===== THE DATA =====
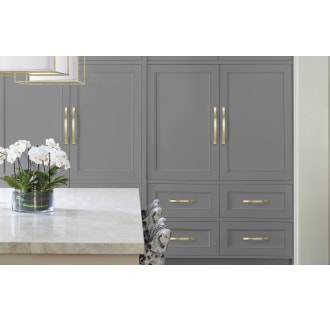 Amerock-BP29365-Golden Champagne on Gray Cabinets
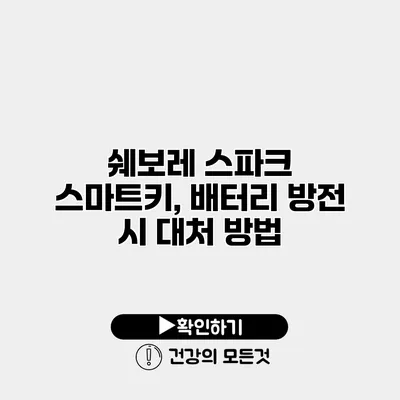 쉐보레 스파크 스마트키, 배터리 방전 시 대처 방법
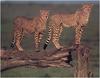 [WillyStoner Scans - Wildlife] Cheetahs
=====
WORK INSTRUCTION.
The data above needs to be retyped exactly, with the images left out.

TASK RESULT.
 Amerock-BP29365-Golden Champagne on Gray Cabinets
 쉐보레 스파크 스마트키, 배터리 방전 시 대처 방법
 [WillyStoner Scans - Wildlife] Cheetahs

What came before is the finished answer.